Nowhere is it more salient than in Vietnam. And what happens in Vietnam is of particular significance to any gold watcher. After all, Vietnam is the world leading per capita consumer of gold and imports the metal at a clip between 800tpa and 1000tpa. Vietnam’s gold investment demand powers on at 25% per year and in the third quarter it notched 45% of the volumes purchased by the more populous markets in India and China. What drives this gold fever in Vietnam? The short answer is – macroeconomic mismanagement.

Vietnam has had several chances to straighten its act. But the communist party’s eternal power struggle led to a stop-go approach to economic liberalization. Fifteen years after Vietnam closed its doors again to foreign investors (and then held it ajar), it is now plagued with a current account deficit, a 9% fiscal deficit, double-digit inflation, rising interest rates, mere $16bn in foreign reserves, a fragile banking system, SOE defaults and falling pledges from international donors.

In mid-2008, in an effort to narrow the trade deficit, the central bank tightened controls on gold imports. This led scarcity in the domestic market and opened a widening spread between domestic and international (or Thai) gold prices. Smugglers sought to capture an arbitrage opportunity by buying dollars to purchase gold abroad and bring into the country illegally. In response, Vietnamese consumers sold dong en masse to buy (dollar in order to purchase) gold with $26 premium over the global market price. This generated a strong demand for dollars with the widening gap between the official and unofficial exchange rates. Banks often need to pay a 20% premium for dollars and go to unofficial market to obtain the greenback, putting further pressure on the dong exchange rate and forcing devaluations whenever dong falls through the 3% to 5% managed float range.

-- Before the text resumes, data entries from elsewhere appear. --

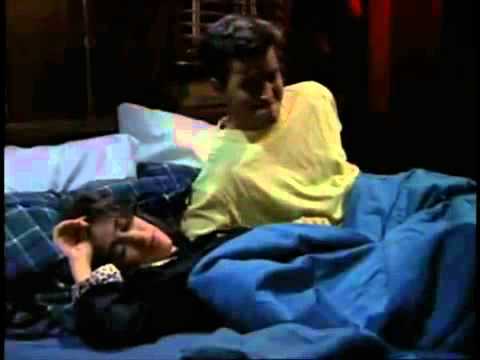 Friends 3-3 [ITA] - Il trucco del letto Ross vs Chandler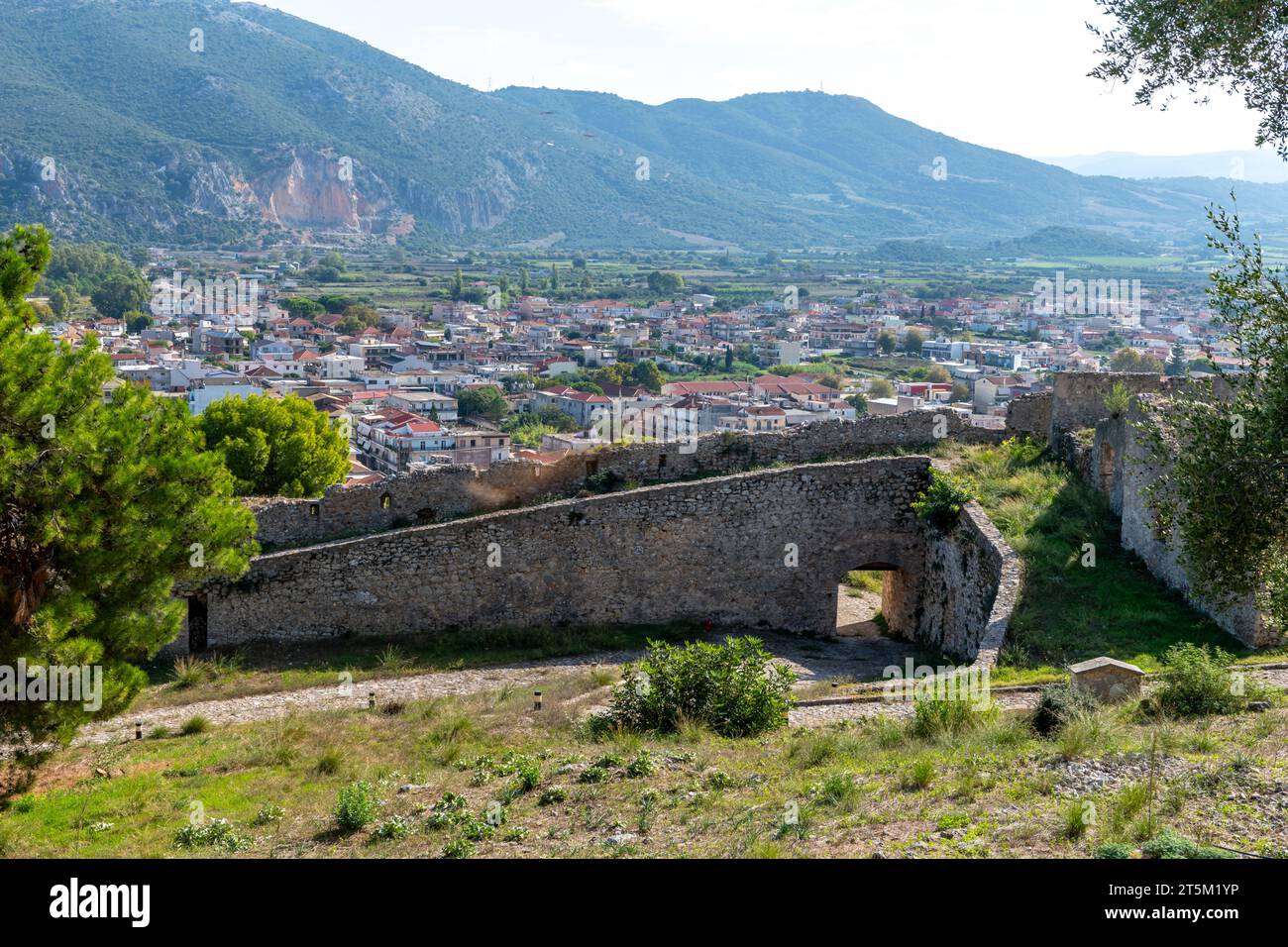 Una vista desde Vonitsa Castillo veneciano de la ciudad de Vonitsa. Grecia. Foto de stock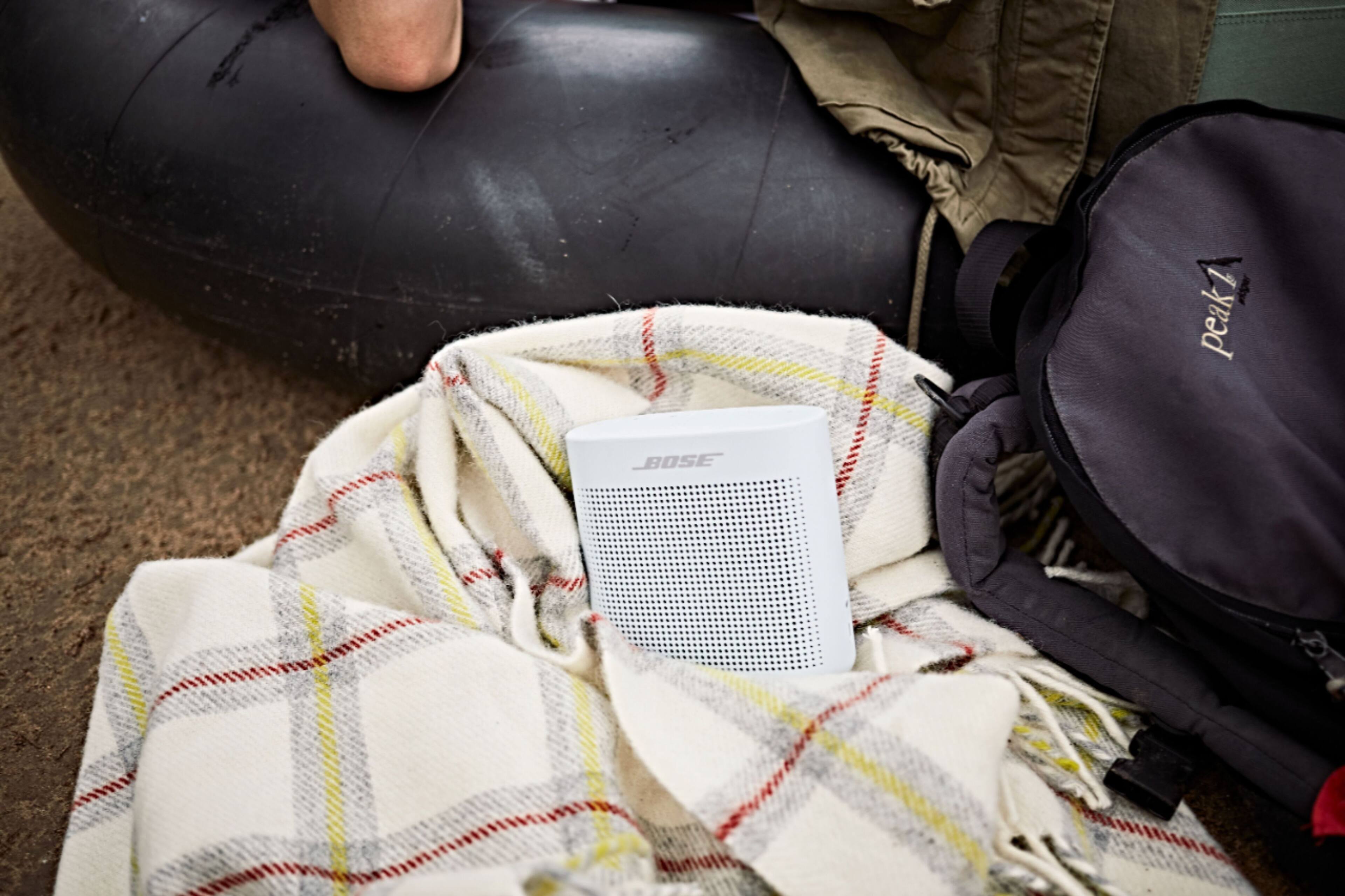 Alt View 19. Bose - SoundLink Color Portable Bluetooth Speaker II - Polar White.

Some of the gold import restrictions were lifted when the dong was devalued and in October 2010 the central bank announced it would consider granting permits (timed quotas) for gold imports if prices in the domestic market rose “unreasonably high”. Traders in South East Asia claim that re-opening of the officially sanctioned channels has historically proven to be a price-supportive signal for the physical market in the region.

However, by now the vicious circle has been established. Typically, the authorities’ first reaction to tackle the gold import pressure is by expanding the quotas for several additional tonnes. Should the global gold prices continue to rise and the price-taking importing country continue to hemorrhage foreign exchange, the next step is devaluation (which occurred three times between November 2009 and November 2010) and an inflation-stemming interest rate rise. The former increases further the attractiveness of gold as an alternative currency and an inflation hedge.

The weak currency and entrenched inflation mean that few people are willing to use the dong to make payments. This is particularly true for term payments, not just daily staples. Common to the bubbly conditions in some other Asian cities, apartment prices in Ho Chi Minh City grow by 30-40% year on year. Gold (rather than dollars) is used to purchase big ticket items such as real estate and gold shops double up with the function as foreign exchange counters. The ban on gold exchanges in March this year has led to anarchic gold market conditions, with a palliative of an “official gold exchange” now sought by one state-owned bank.

As of January 1st, Vietnam is imposing yet another slew of administrative curbs on gold, this time in the form of 10% export tax. This could be little more than an attempt to capture more revenue (Vietnam exports nearly $3bn worth of precious metals annually), but will be of no help if the prices stabilize.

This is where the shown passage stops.